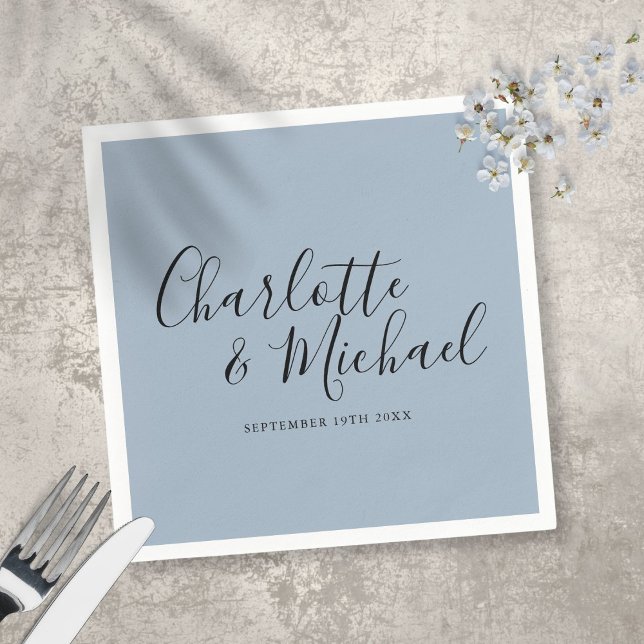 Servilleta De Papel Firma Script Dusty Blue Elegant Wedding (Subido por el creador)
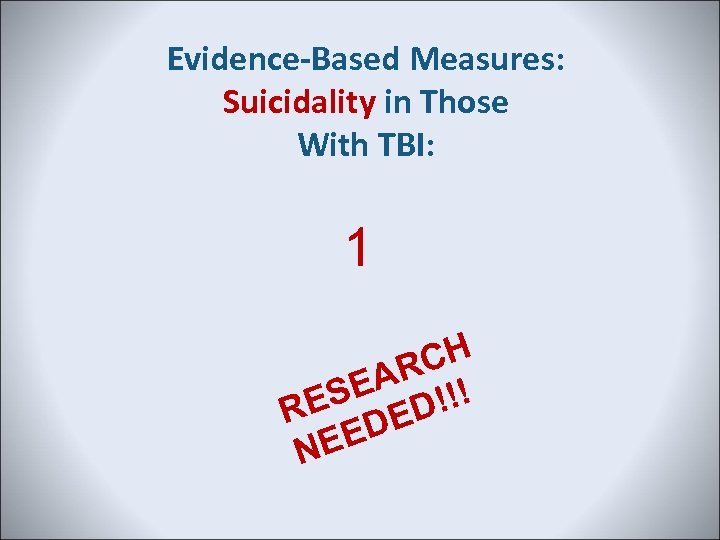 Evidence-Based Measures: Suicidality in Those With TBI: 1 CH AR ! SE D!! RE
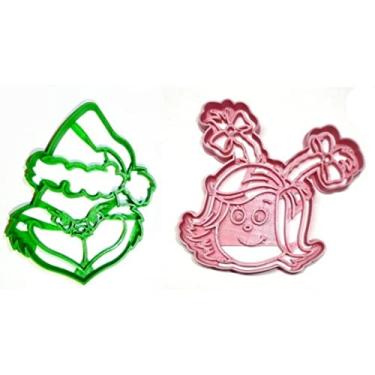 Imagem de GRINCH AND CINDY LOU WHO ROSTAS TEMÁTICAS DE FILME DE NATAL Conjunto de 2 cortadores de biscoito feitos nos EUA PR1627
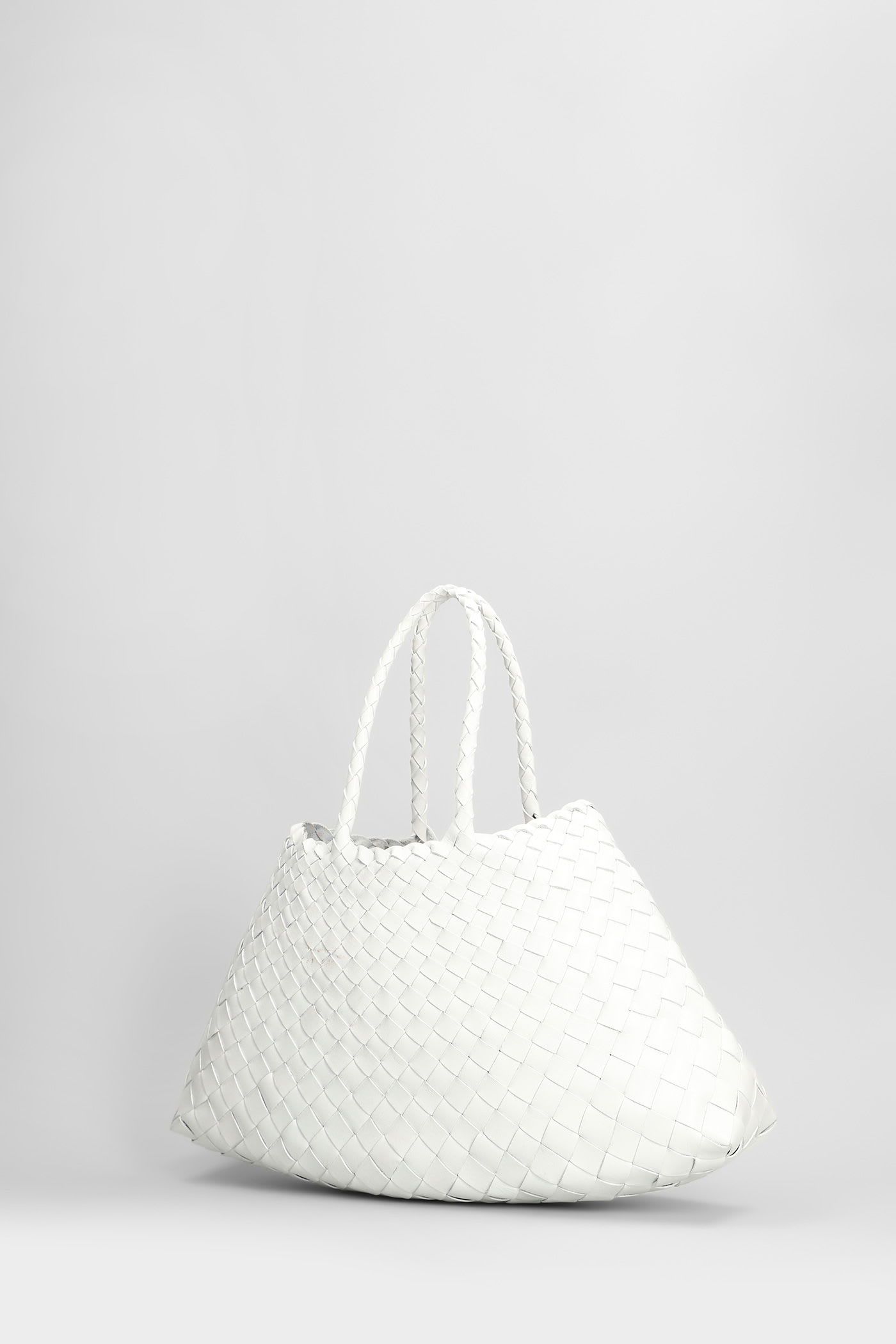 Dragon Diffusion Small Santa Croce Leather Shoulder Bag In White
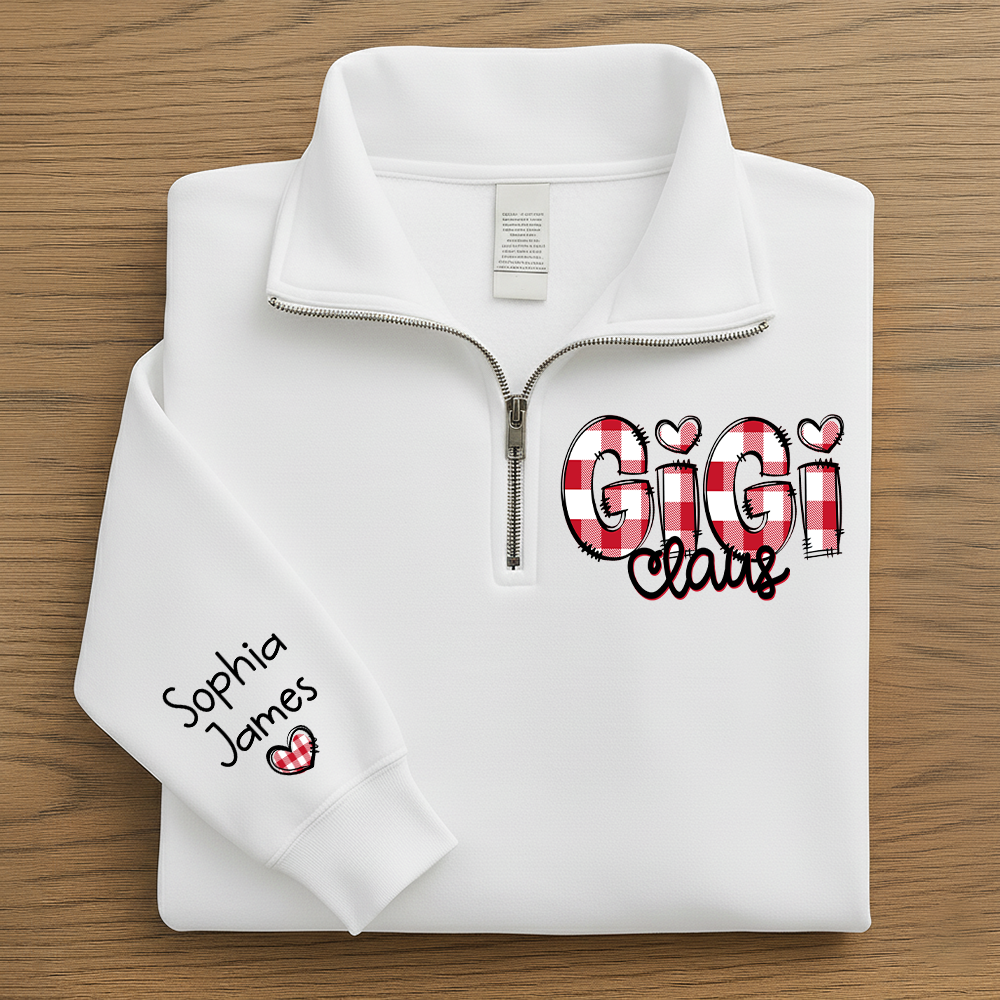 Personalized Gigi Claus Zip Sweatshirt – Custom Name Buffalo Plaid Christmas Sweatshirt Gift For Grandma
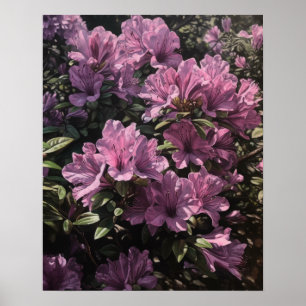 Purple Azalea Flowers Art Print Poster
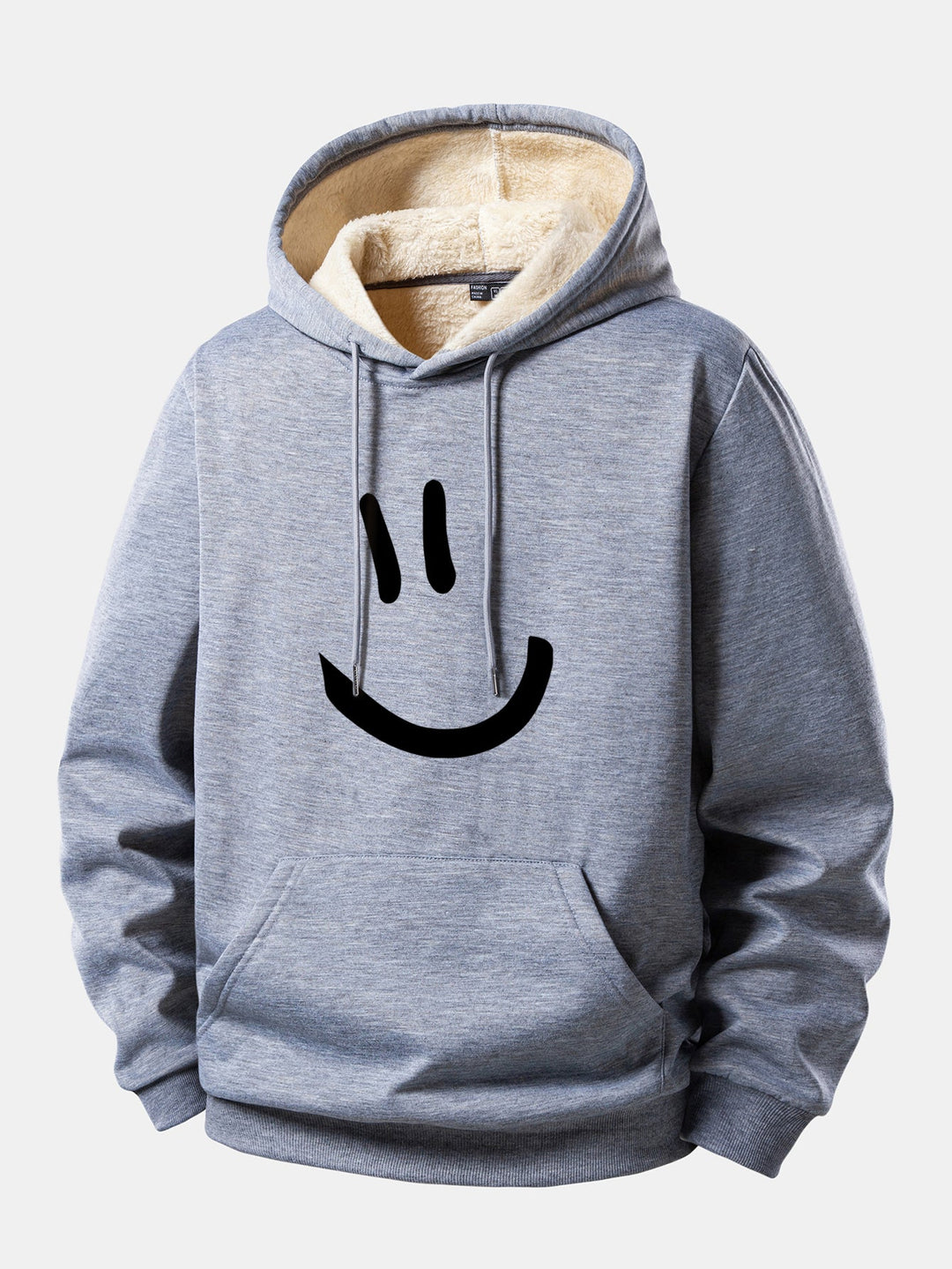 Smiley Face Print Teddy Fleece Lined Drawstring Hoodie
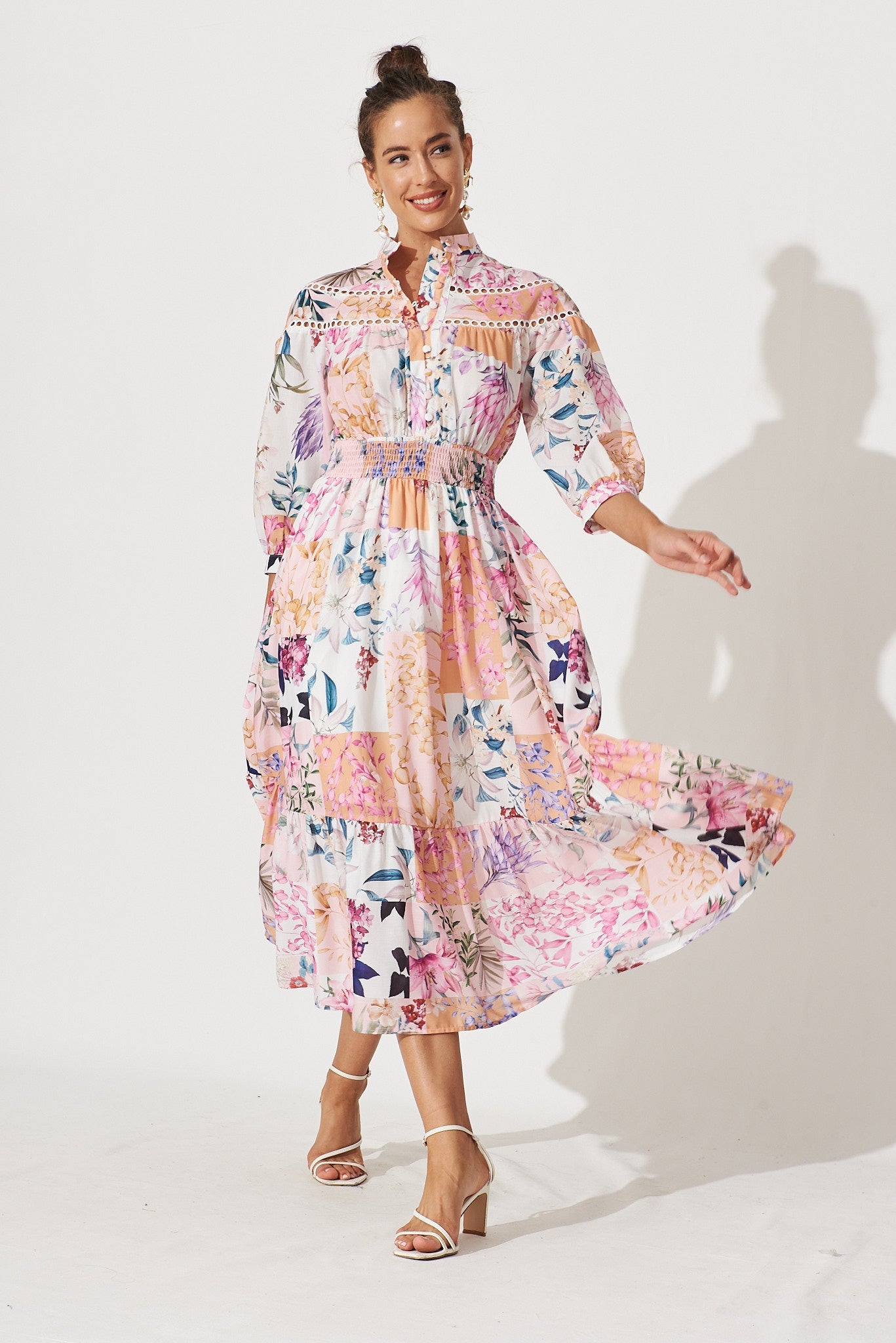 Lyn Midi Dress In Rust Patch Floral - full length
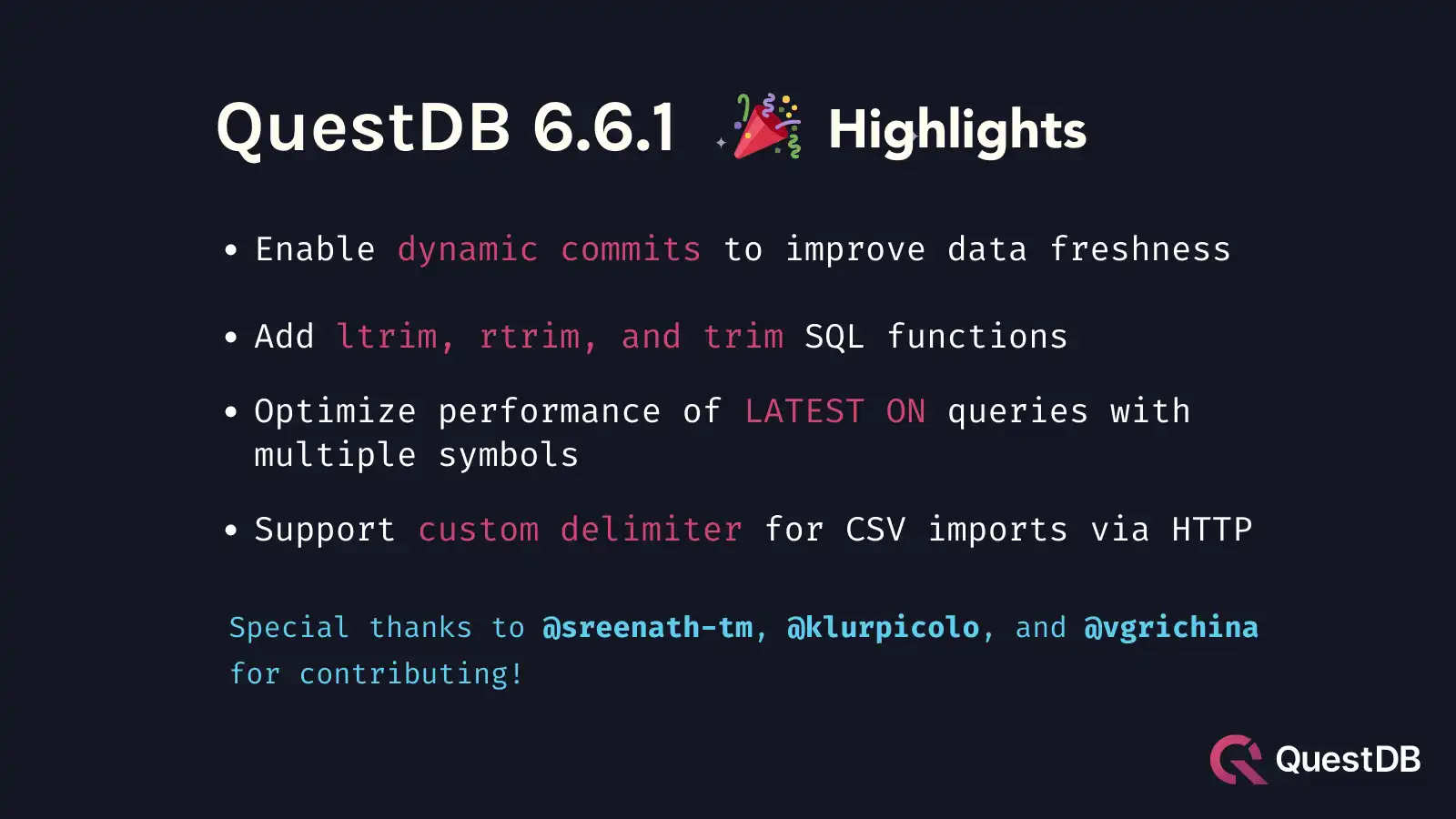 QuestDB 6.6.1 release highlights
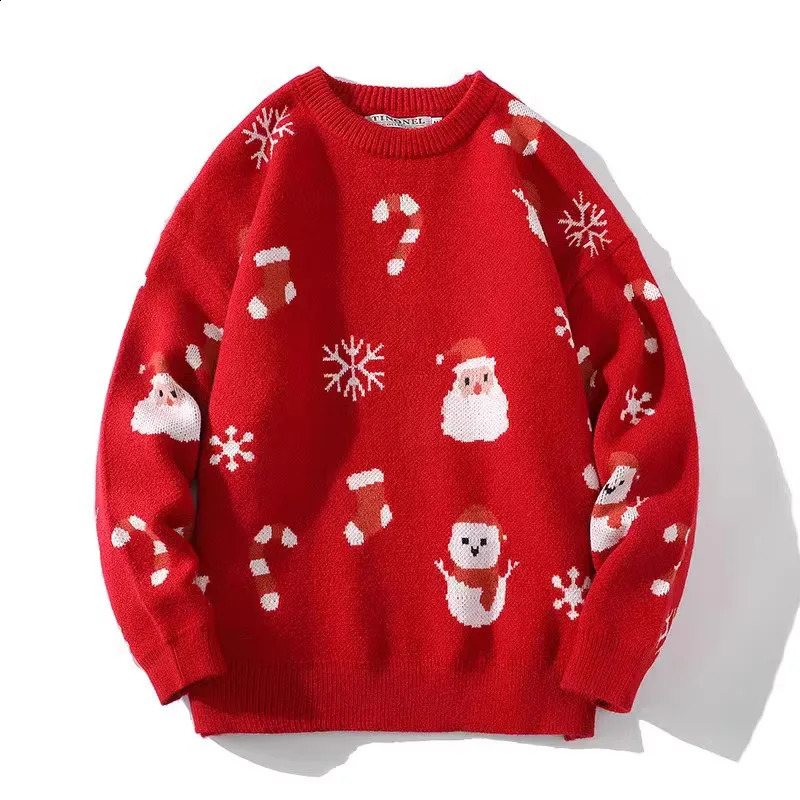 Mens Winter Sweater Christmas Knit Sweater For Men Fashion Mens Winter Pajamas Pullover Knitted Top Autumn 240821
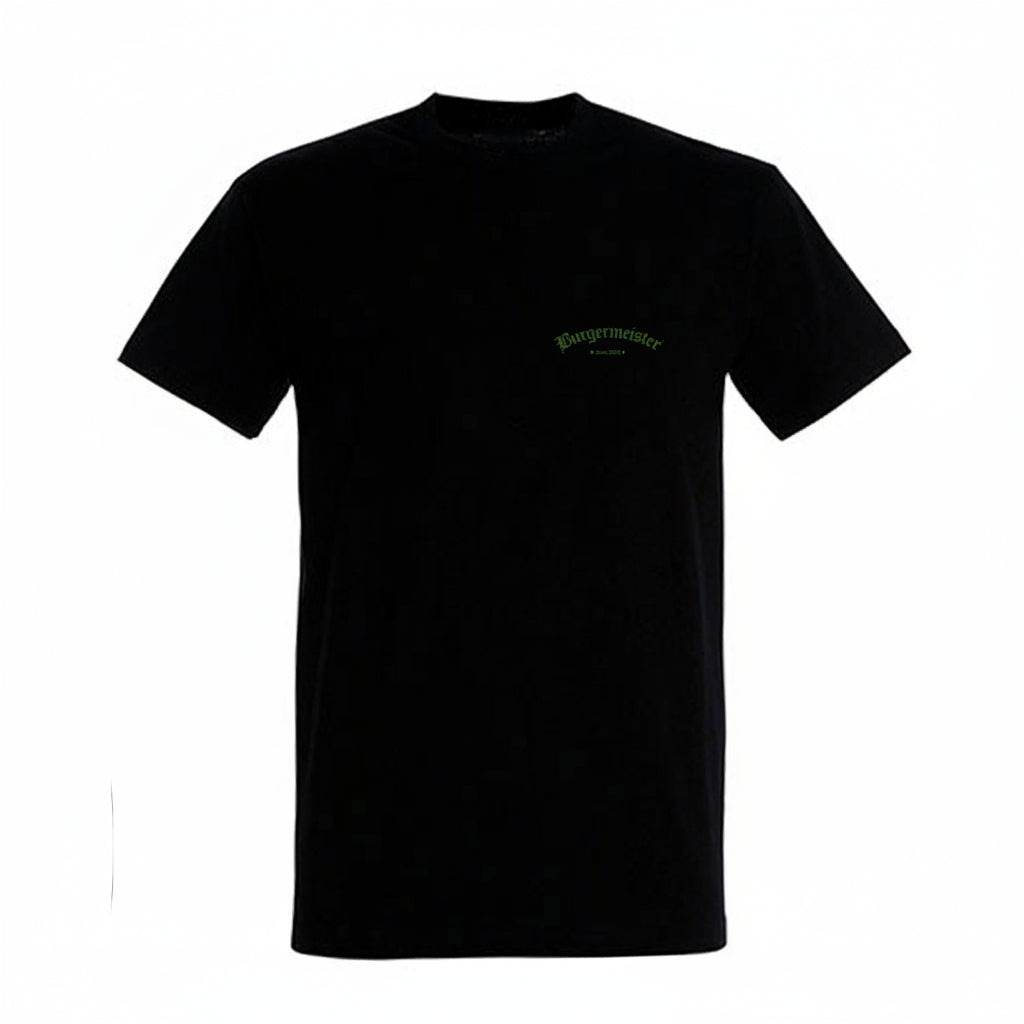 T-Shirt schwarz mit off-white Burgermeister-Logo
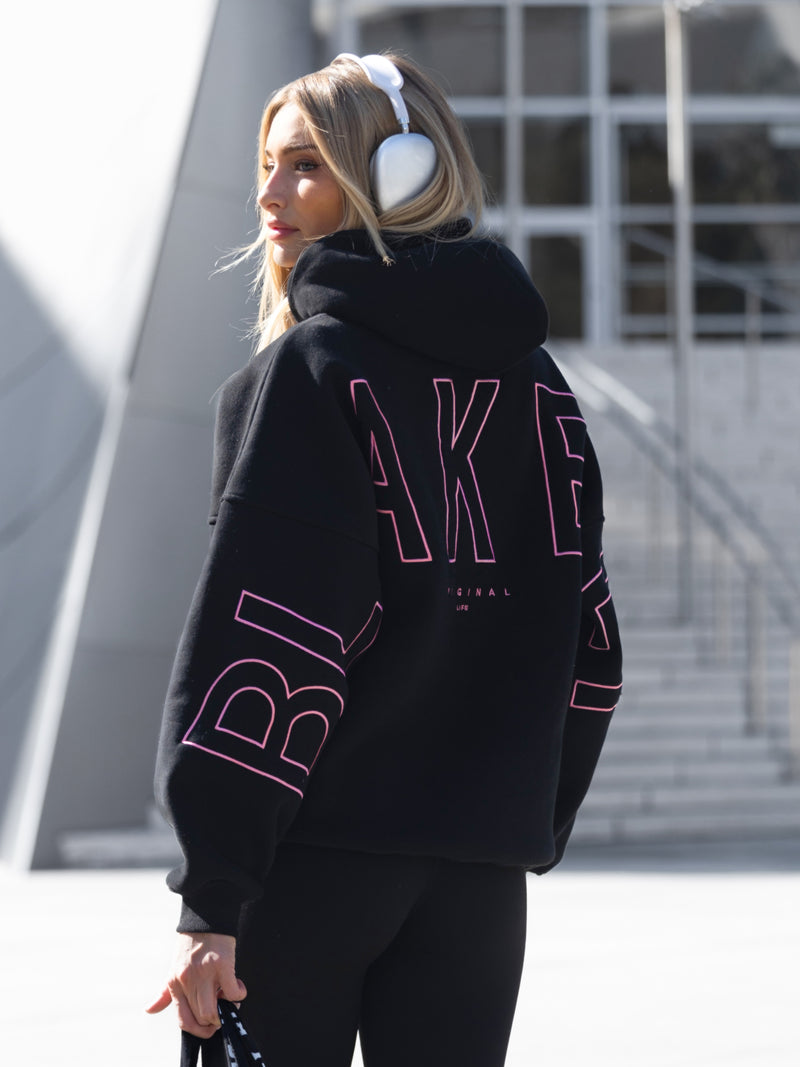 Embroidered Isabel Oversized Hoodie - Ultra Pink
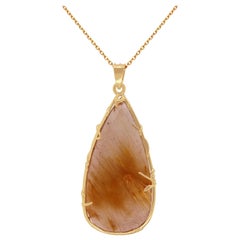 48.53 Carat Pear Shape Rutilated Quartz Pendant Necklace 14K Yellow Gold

▬▬▬▬▬▬▬▬▬▬

*Exercise requirements*
Pictures aside, write out verbatim every line from the first line of the material through the line holding "Personalized Gigi Claus".

*Reply to the task*
 Servilleta De Papel Firma Script Dusty Blue Elegant Wedding (Subido por el creador)
 Evidence-Based Measures: Suicidality in Those With TBI: 1 CH AR ! SE D!! RE
 Imagem de GRINCH AND CINDY LOU WHO ROSTAS TEMÁTICAS DE FILME DE NATAL Conjunto de 2 cortadores de biscoito feitos nos EUA PR1627
 Dragon Diffusion Small Santa Croce Leather Shoulder Bag In White
 Personalized Gigi Claus Zip Sweatshirt – Custom Name Buffalo Plaid Christmas Sweatshirt Gift For Grandma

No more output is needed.